[Saved data entries]
* * * * *

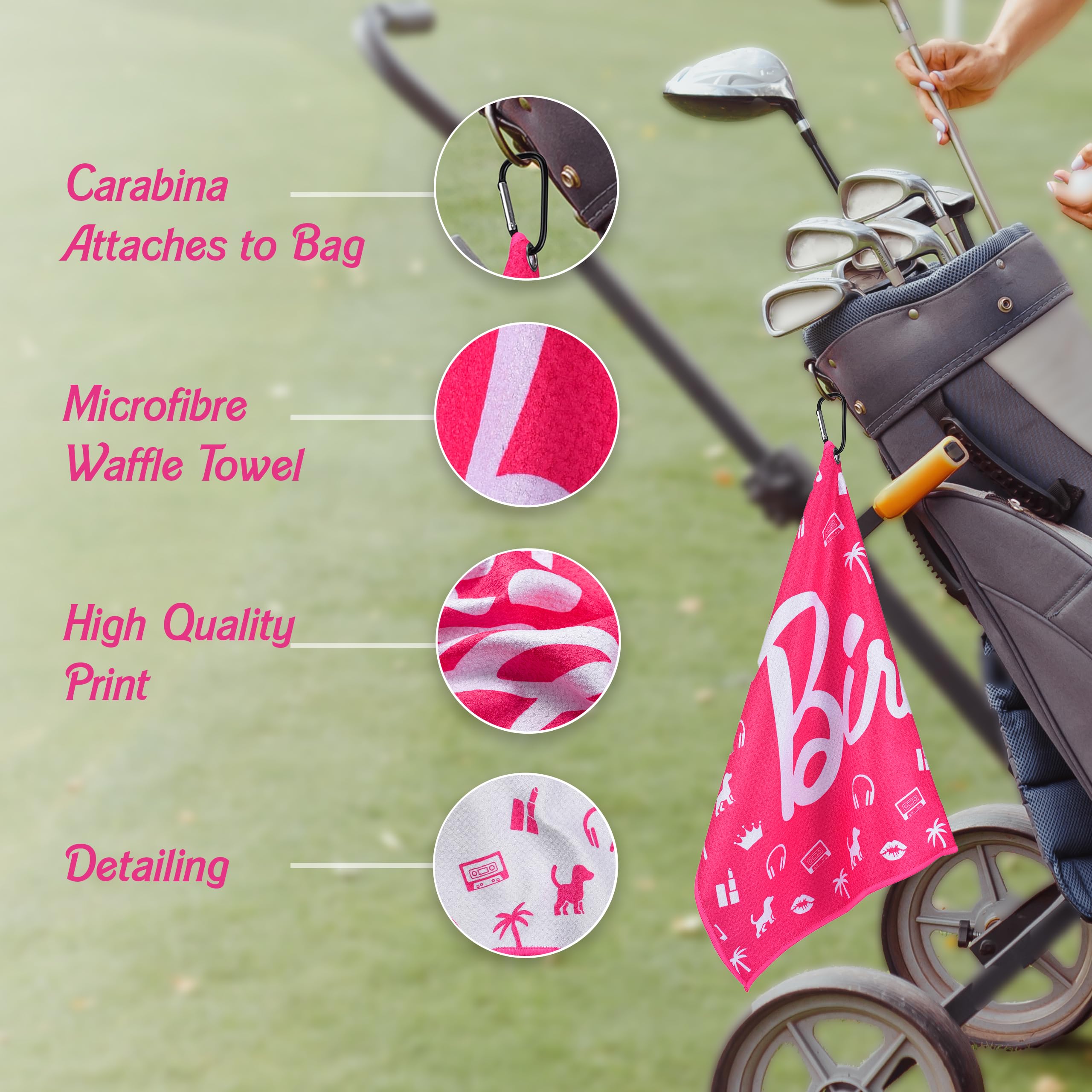 Shanker Golf - Funny Birdie Pink Microfiber Waffle Golf Towel for Women with Joke Logo - Perfect Ladies Golf Gift & Accessories - Great for On-Course Use, Practice Sessions & Tournament Play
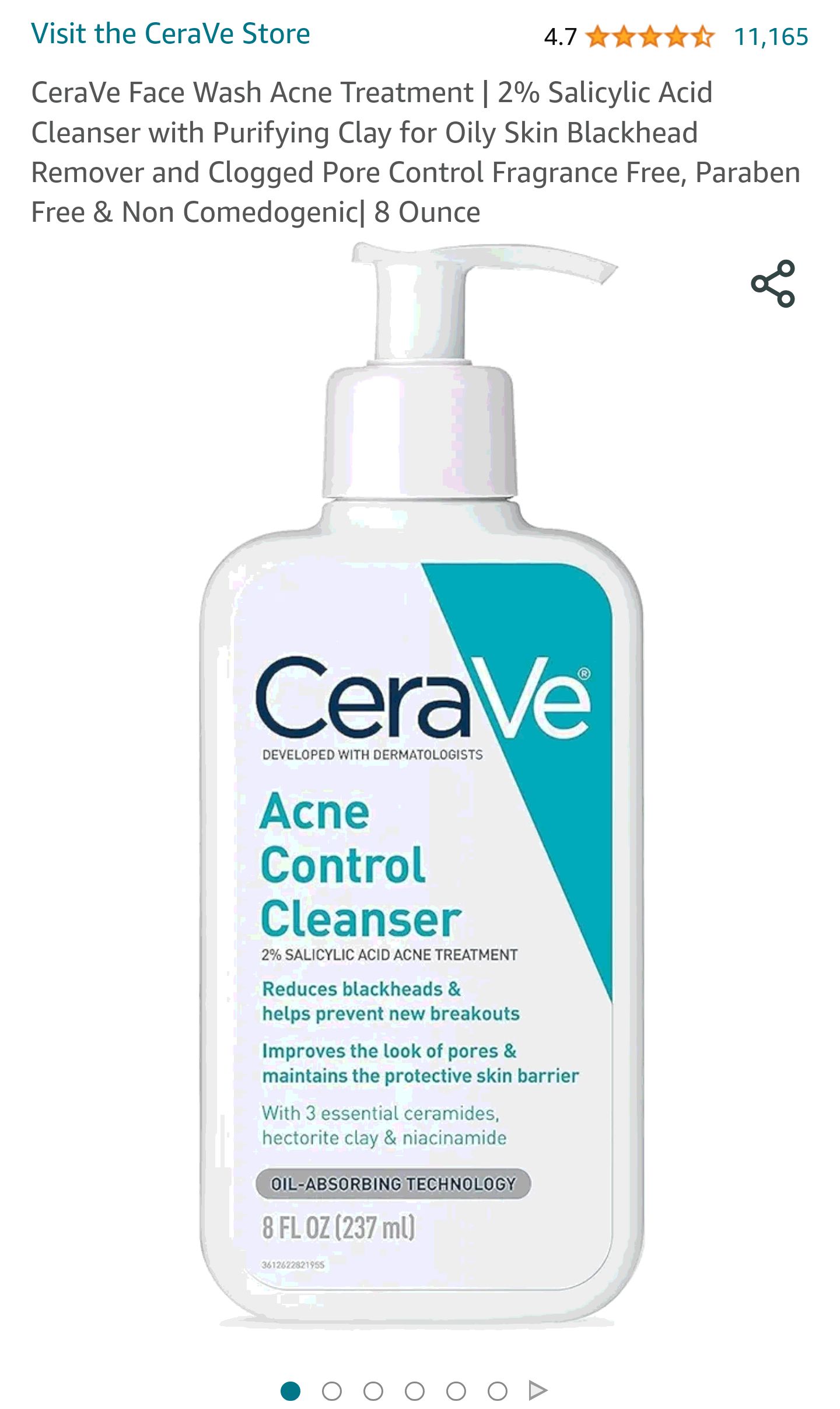 CeraVe Face Wash Acne Treatment | 2% Salicylic Acid Cleanser with Purifying Clay for Oily Skin Blackhead Remover and Clogged Pore Control Fragrance Free, Paraben Free & Non Comedogenic| 8 Ounce : Beau
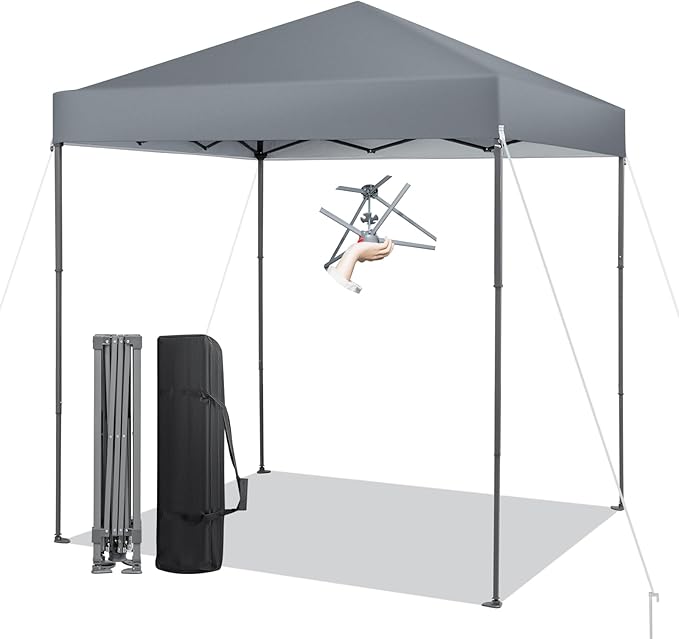 6.6 x 6.6 Ft Pop Up Canopy, 1 Person Instant Setup Canopy Tent with Push Center Lock, 8 Stakes, 4 Ropes & Carrying Bag, Portable Easy Up Gazebo Shelter for Outdoor Camp, Beach, Patio & Party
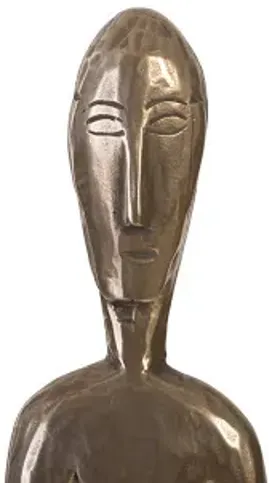 bulol sculpture, polished bronze, sm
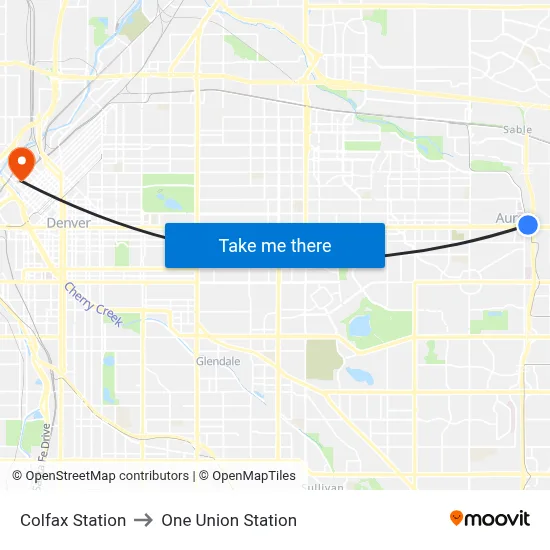 Colfax Station to One Union Station map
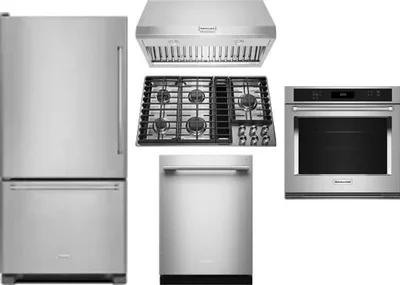 5 Piece Package Includes Refrigerator, Cooktop, Wall Oven, Hood And Dishwasher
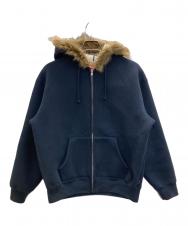 Supreme (シュプリーム) Faux Fur Zip Up Hooded Sweatshirt ネイビー サイズ:S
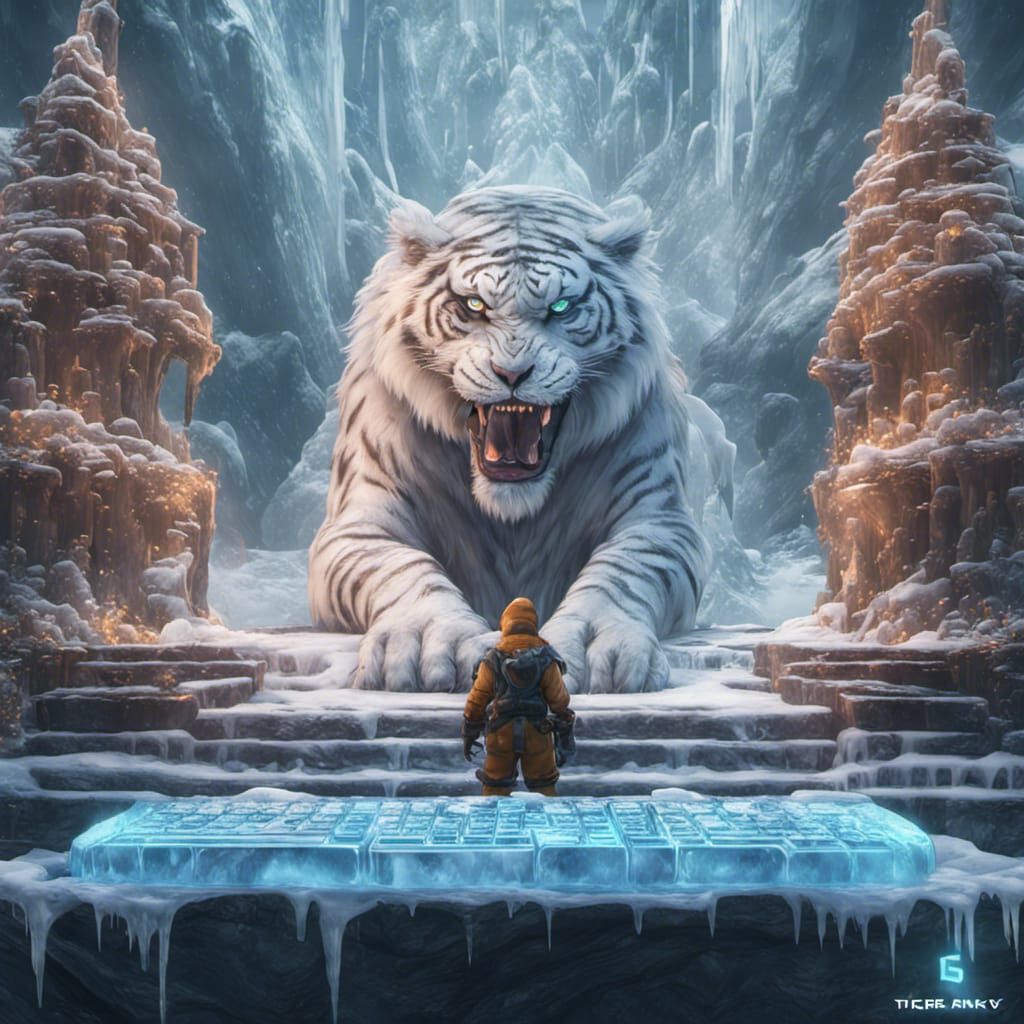 Tiger Monkey Keyboard Ice Fantasy Concept Art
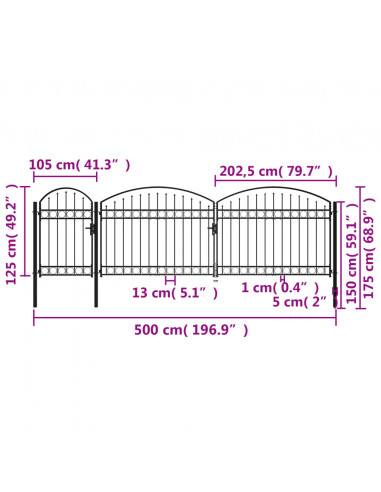 Cancello per recinzione da giardino ASSEN con parte superiore ad arco in acciaio 1,25x5 m Nero
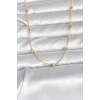 CM 14K Gold Renk Damla Topçuk Model Zincirli 60 cm Kadın Kolye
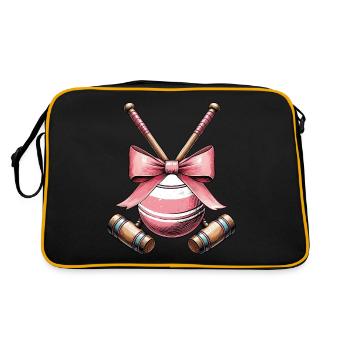 Coquette Bow Croquet Racket Ball Pink Bow - Retro Bag - black/gold - Back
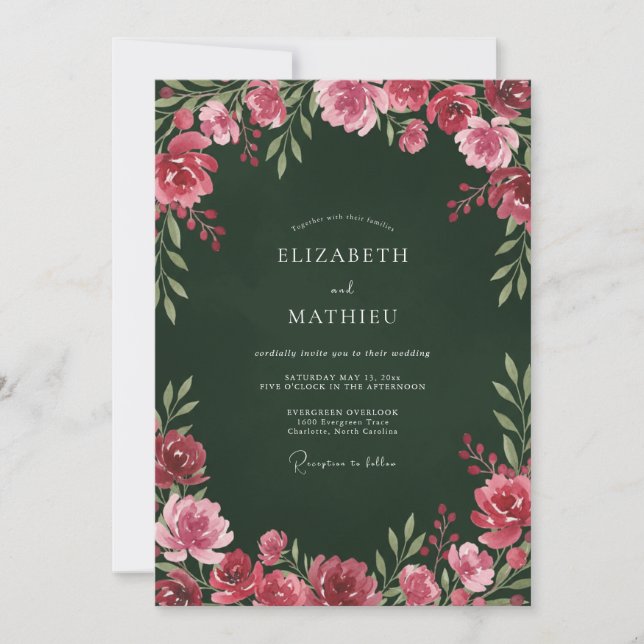 Invitación Boda Botánica Opulenta Verde Forestal (Anverso)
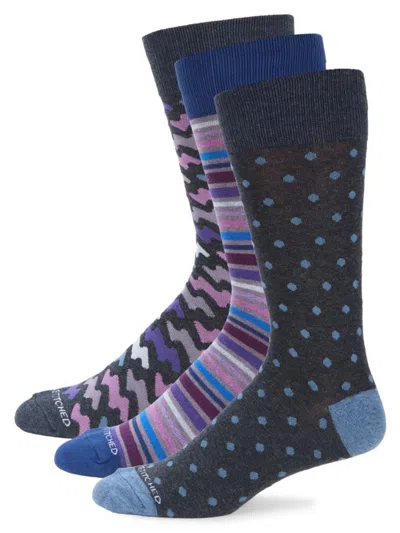 Unsimply Stitched Men's 3-pack Printed Crew Socks In Multi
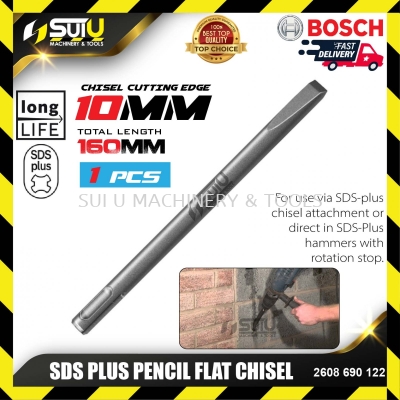BOSCH 2608690122 SDS Plus Pencil Flat Chisel (10x160mm)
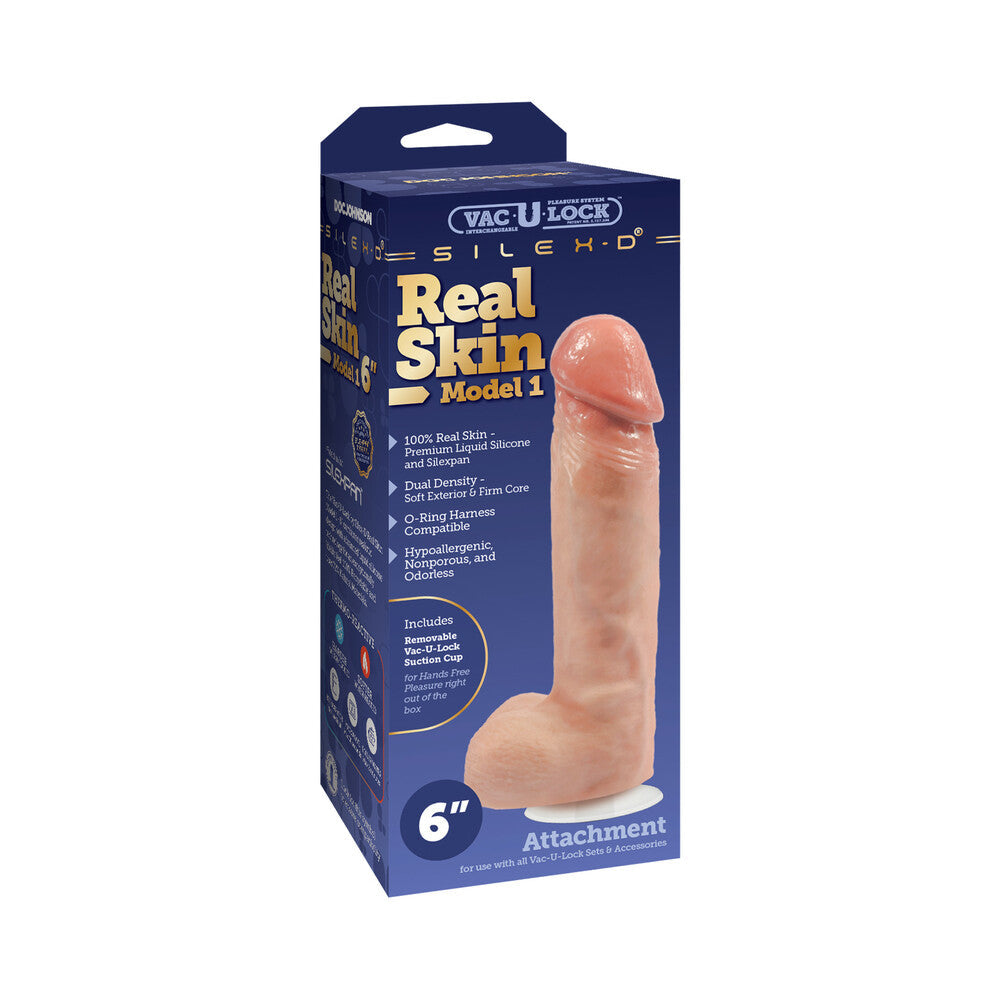 DOC JOHNSON - VAC-U-LOCK X SILEX-D MODEL 1 PREMIUM REAL SKIN 6 IN. VANILLA
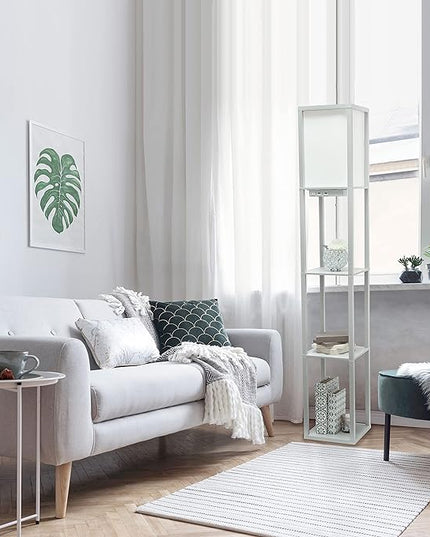 Simple Designs LF1037-GRY-LB Three Shelf Etagere Organizer Storage Floor Lamp with 2 Dual USB Ports and Charging Outlet, Gray, with Feit LED Bulb Included - LeafyLoom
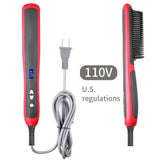 Electric Hair Straightener Hot Comb Flat Iron Multifunctional Hairstyles and Tools LCD Display Digital Straightening Brush Care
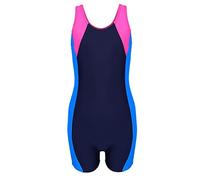 Aquarti Bañador Niña - Bañador Natación Niña con Pantalón Corto y Espalda Nadadora, Azul Oscuro/Azul/Rosa, 158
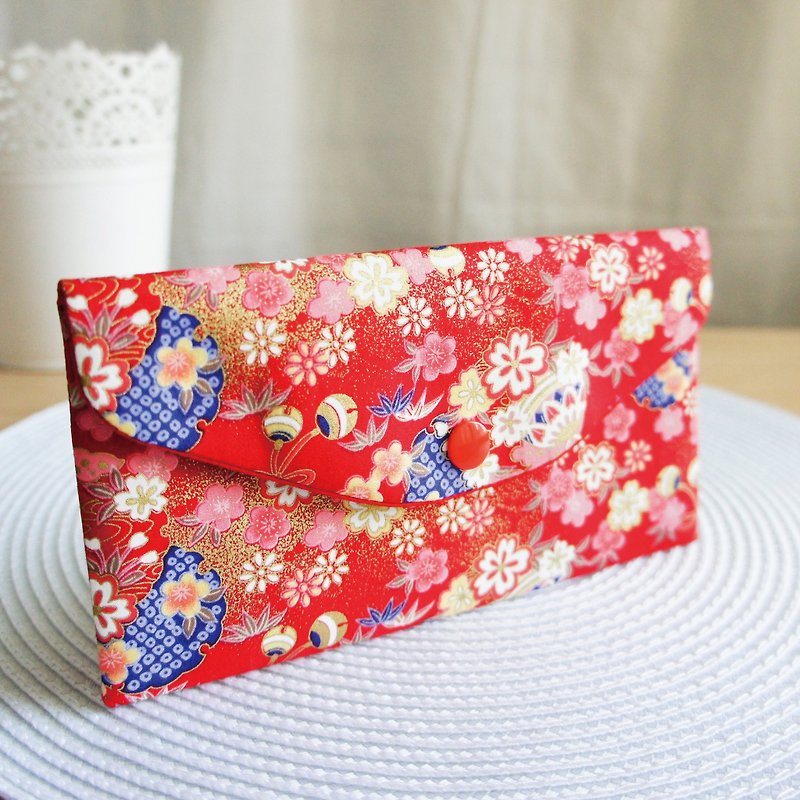Lovely [gold foil bag red envelopes ‧ passbook sets ‧ cash pouch] red - Chinese New Year - Cotton & Hemp Red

* * * * *

Nothing but the pictures should be left out when the records are retyped exactly.

 Shanker Golf - Funny Birdie Pink Microfiber Waffle Golf Towel for Women with Joke Logo - Perfect Ladies Golf Gift & Accessories - Great for On-Course Use, Practice Sessions & Tournament Play
 CeraVe Face Wash Acne Treatment | 2% Salicylic Acid Cleanser with Purifying Clay for Oily Skin Blackhead Remover and Clogged Pore Control Fragrance Free, Paraben Free & Non Comedogenic| 8 Ounce : Beau
 6.6 x 6.6 Ft Pop Up Canopy, 1 Person Instant Setup Canopy Tent with Push Center Lock, 8 Stakes, 4 Ropes & Carrying Bag, Portable Easy Up Gazebo Shelter for Outdoor Camp, Beach, Patio & Party
 bulol sculpture, polished bronze, sm
 Colfax Station to One Union Station map
 5 Piece Package Includes Refrigerator, Cooktop, Wall Oven, Hood And Dishwasher
 Supreme (シュプリーム) Faux Fur Zip Up Hooded Sweatshirt ネイビー サイズ:S
 Tiger Monkey Keyboard Ice Fantasy Concept Art
 Cancello per recinzione da giardino ASSEN con parte superiore ad arco in acciaio 1,25x5 m Nero
 CM 14K Gold Renk Damla Topçuk Model Zincirli 60 cm Kadın Kolye
 Coquette Bow Croquet Racket Ball Pink Bow - Retro Bag - black/gold - Back
 Invitación Boda Botánica Opulenta Verde Forestal (Anverso)
 Unsimply Stitched Men's 3-pack Printed Crew Socks In Multi
BOSCH 2608690122 SDS Plus Pencil Flat Chisel (10x160mm)
 DOC JOHNSON - VAC-U-LOCK X SILEX-D MODEL 1 PREMIUM REAL SKIN 6 IN. VANILLA
 Simple Designs LF1037-GRY-LB Three Shelf Etagere Organizer Storage Floor Lamp with 2 Dual USB Ports and Charging Outlet, Gray, with Feit LED Bulb Included - LeafyLoom
 Electric Hair Straightener Hot Comb Flat Iron Multifunctional Hairstyles and Tools LCD Display Digital Straightening Brush Care
 Aquarti Bañador Niña - Bañador Natación Niña con Pantalón Corto y Espalda Nadadora, Azul Oscuro/Azul/Rosa, 158
Lovely [gold foil bag red envelopes ‧ passbook sets ‧ cash pouch] red - Chinese New Year - Cotton & Hemp Red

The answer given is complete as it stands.